The new Google product offers users 5 GB of file storage and syncing and effectively replaces Google Docs (which has offered file storage for a couple of years). Google Drive also replaces the editing, file-creation and file-sharing features of Google Docs. (It’s a new label for a new product, arguably.)
Old Google product. New Google product. Whatever. But new opportunities in education? Perhaps.

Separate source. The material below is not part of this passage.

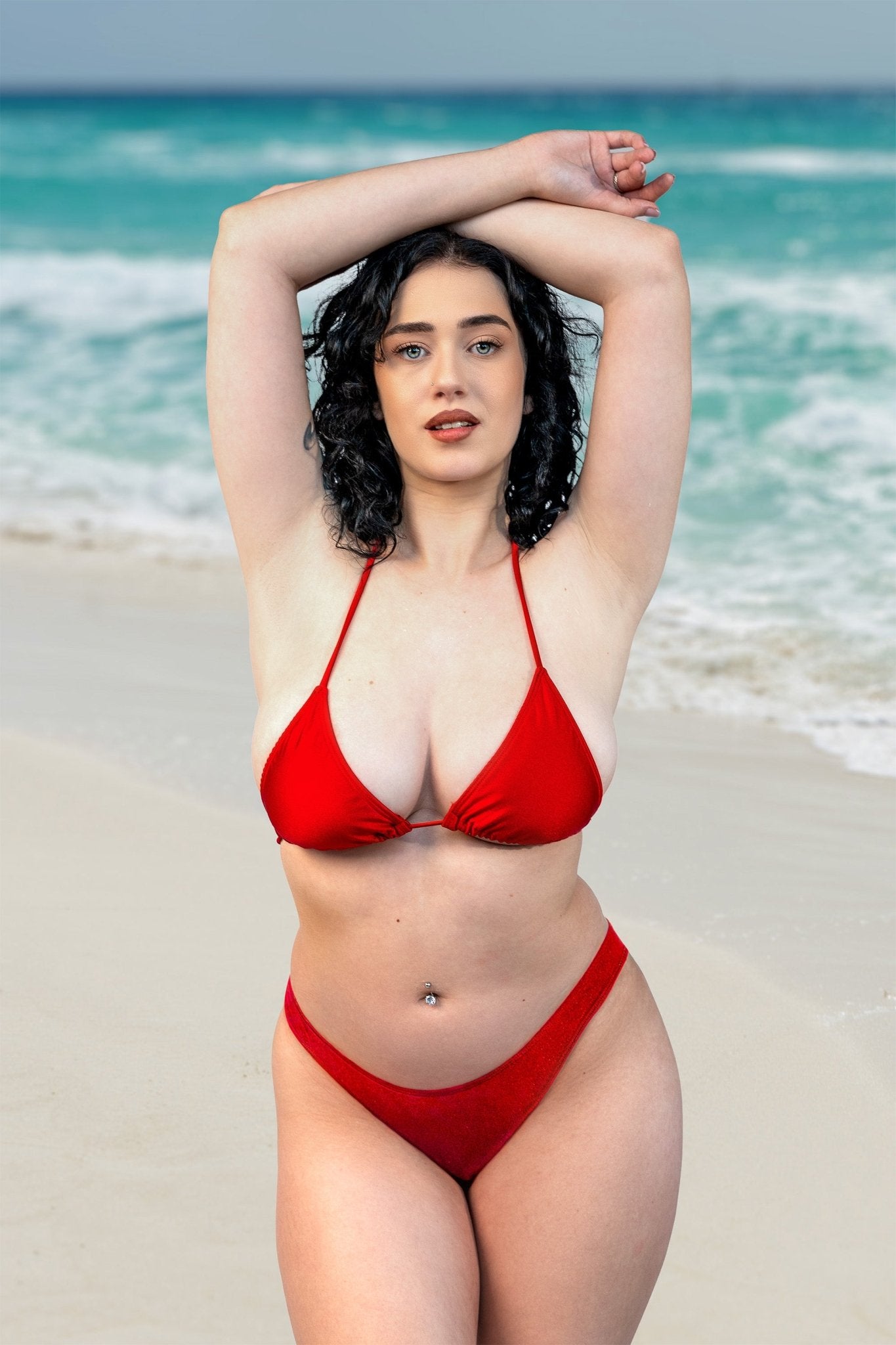 Woman wearing the Cannes Bikini Top by Brigitewear International, LLC stands on a sandy beach with turquoise ocean waves in the background.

Unlike some features that take weeks (months?) to arrive for Apps users, Google Drive is available already at launch for Google Apps for Education. I wrote a post earlier this week with some of the details I got “on background” from Google about how the roll-out was “nuanced” in certain ways for Apps for Edu users. The most obvious thing that’s different – other than the name-change from Docs to Drive – is the addition of an SDK that allows third-party developers to build applications that integrate with Google Drive. At launch, there’s just one specifically edu-oriented app, the graphing calculator Desmos. But with some 14 million teachers and students using the platform, I wager there are lots more apps to come.
And what then?
If, as Rees’ image suggests, the usage of the LMS on campus really just involves document sharing, announcements, gradebooks, and discussion boards, then isn’t a platform like Google Apps for Education a completely viable (and free) replacement? What do you need that Gmail, Google Calendar, Google Chat, Google Docs, Blogger, Google+. and Sites don’t provide? With the extension of the Google Apps for EDU platform to third-party developers (some of which charge, some of which are free), why are schools paying for an LMS again?